**EXERCISE INSTRUCTIONS**
From the first line to the last, return the data exactly, with no pictures.

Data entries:
↓

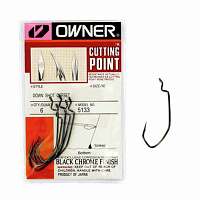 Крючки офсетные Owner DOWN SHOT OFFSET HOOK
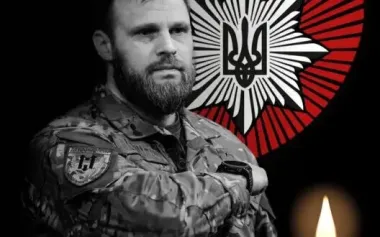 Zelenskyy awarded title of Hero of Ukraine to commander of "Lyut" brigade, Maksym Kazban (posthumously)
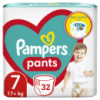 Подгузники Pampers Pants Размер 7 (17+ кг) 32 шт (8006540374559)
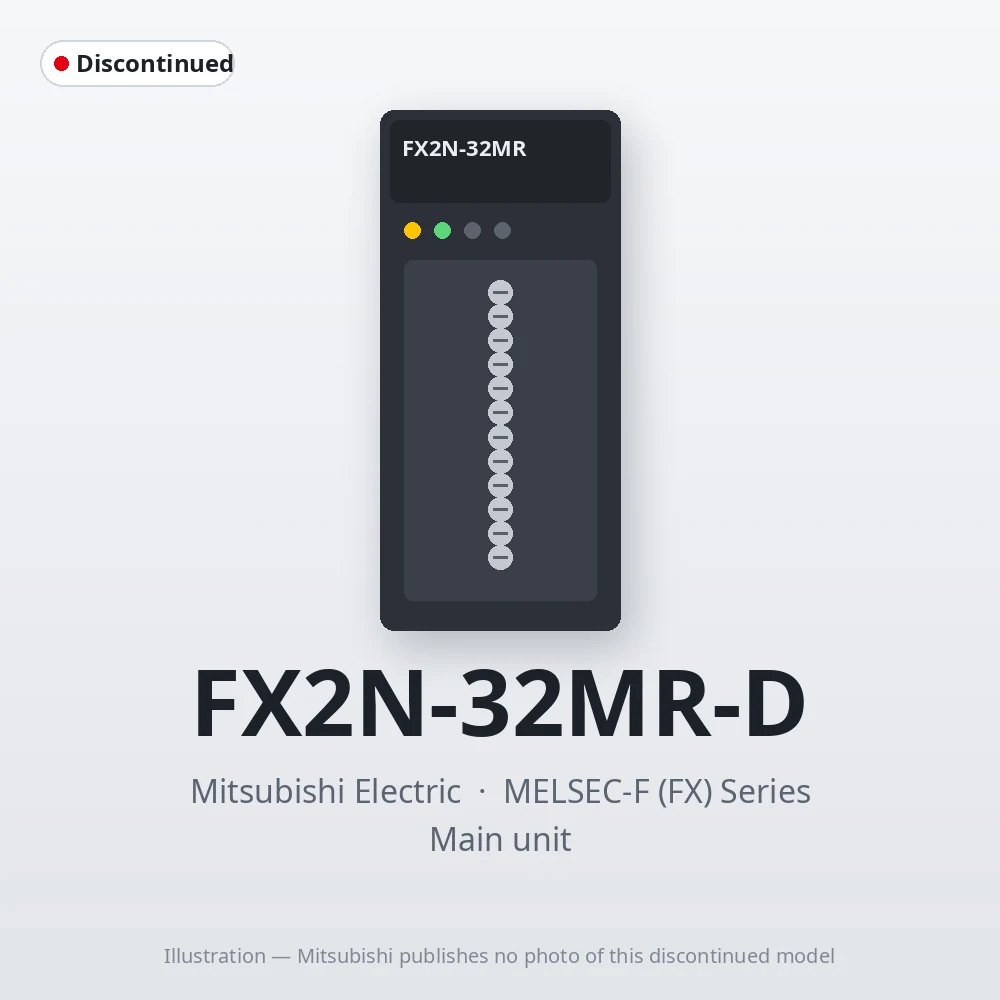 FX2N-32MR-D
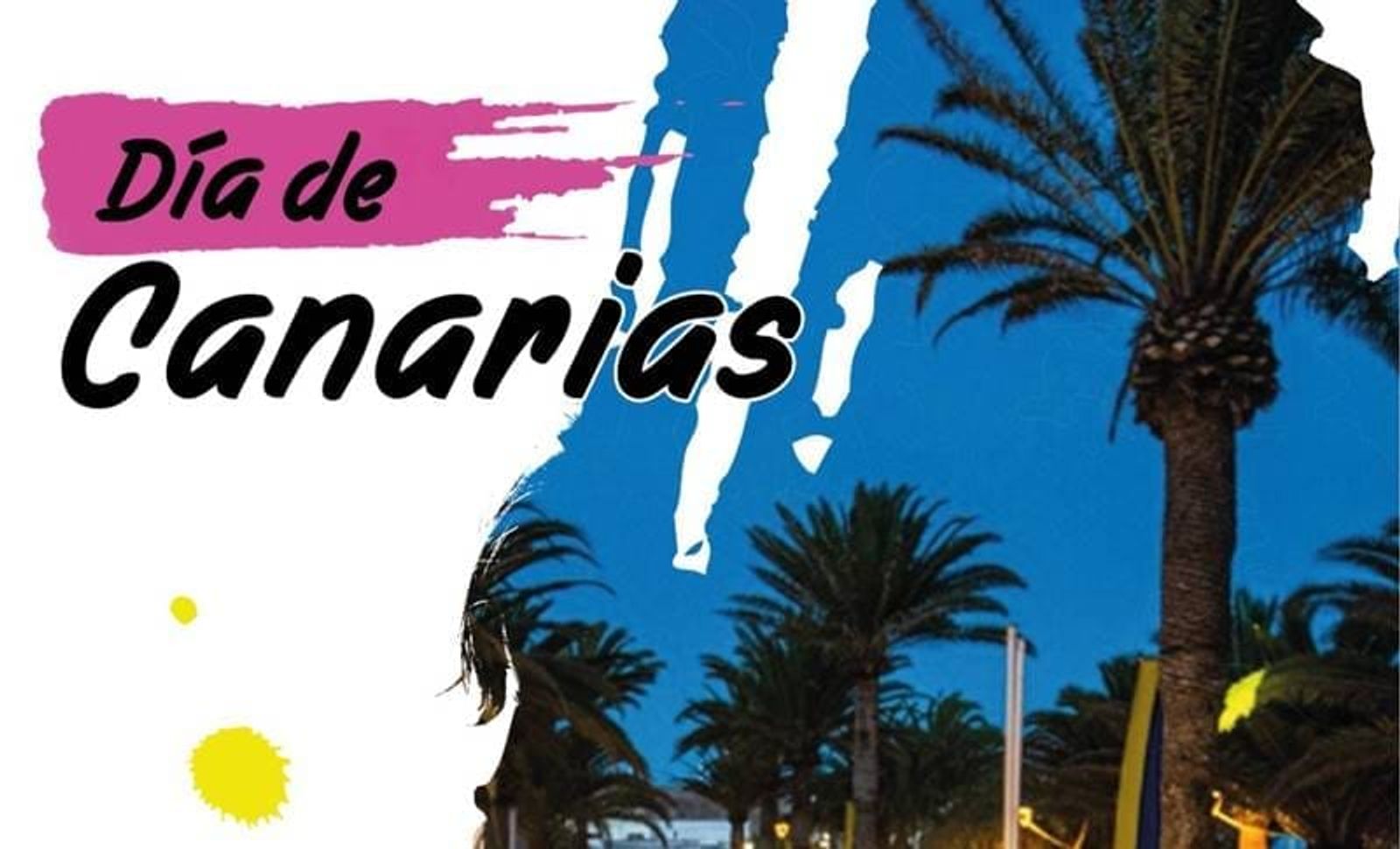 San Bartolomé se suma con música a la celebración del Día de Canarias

↑

**OUTPUT**
 Крючки офсетные Owner DOWN SHOT OFFSET HOOK
 Zelenskyy awarded title of Hero of Ukraine to commander of "Lyut" brigade, Maksym Kazban (posthumously)
 Подгузники Pampers Pants Размер 7 (17+ кг) 32 шт (8006540374559)
 FX2N-32MR-D
 San Bartolomé se suma con música a la celebración del Día de Canarias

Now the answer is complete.